*** Opening of Supplied entries ***

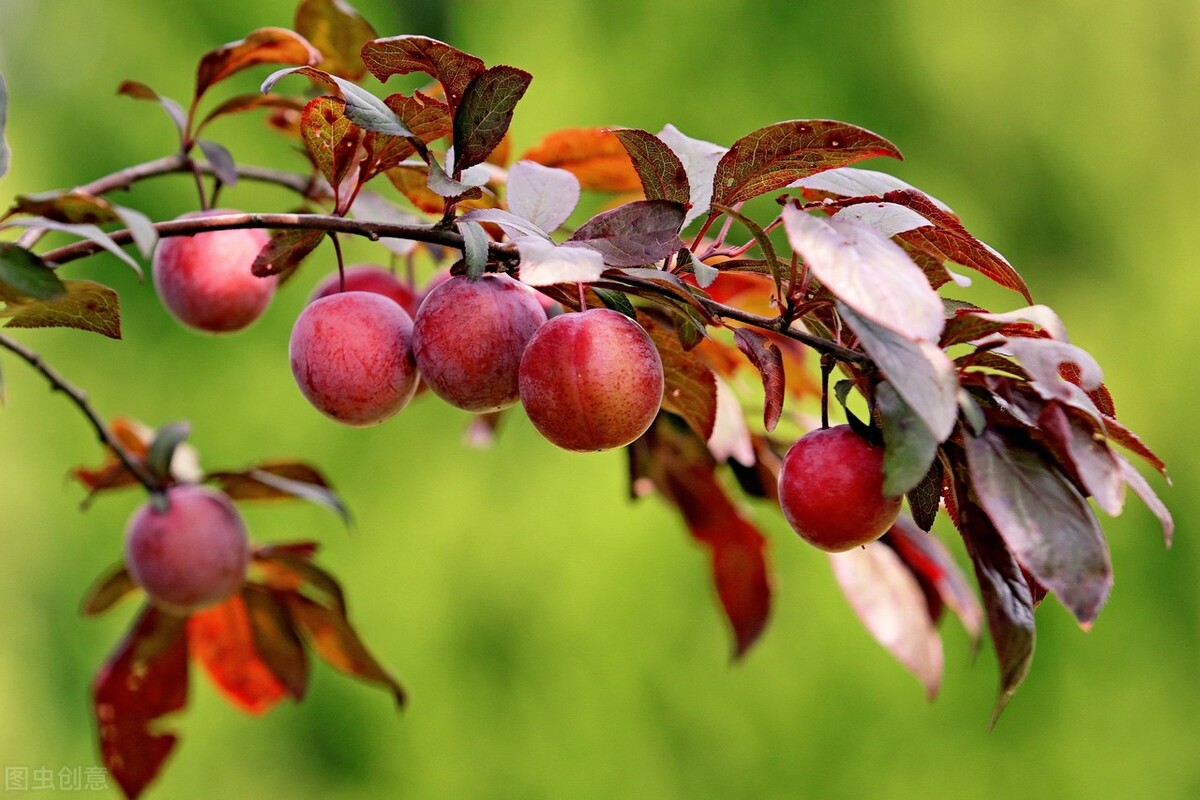 彩叶植物对园林景观的作用,密蒙花的观赏特性和园林用途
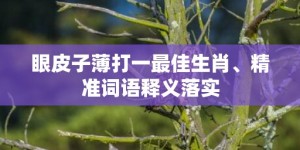 眼皮子薄打一最佳生肖、精准词语释义落实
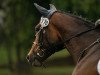 dressage horse Herbstesprit (Trakehner, 2007, from Herzensdieb)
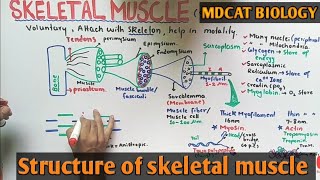 Skeletal muscle structure  NMDCAT 2021 [upl. by Sager]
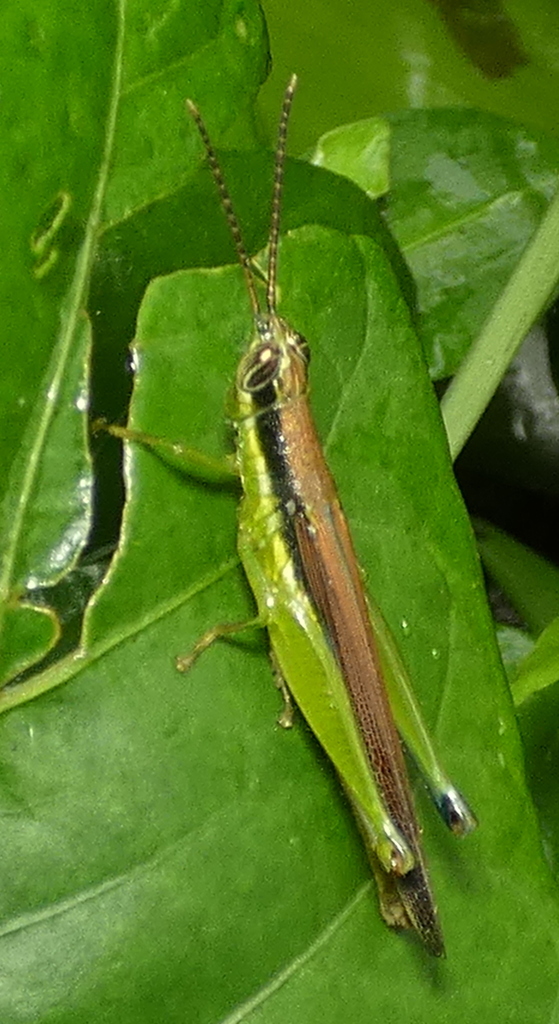 Stenopola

*** Close of Supplied entries ***

--- Requirement ---
Please reproduce each entry exactly as given and omit the pictures.

--- Answer below ---
 彩叶植物对园林景观的作用,密蒙花的观赏特性和园林用途
 眼皮子薄打一最佳生肖、精准词语释义落实
 dressage horse Herbstesprit (Trakehner, 2007, from Herzensdieb)
 Skeletal muscle structure  NMDCAT 2021 [upl. by Sager]
 Stenopola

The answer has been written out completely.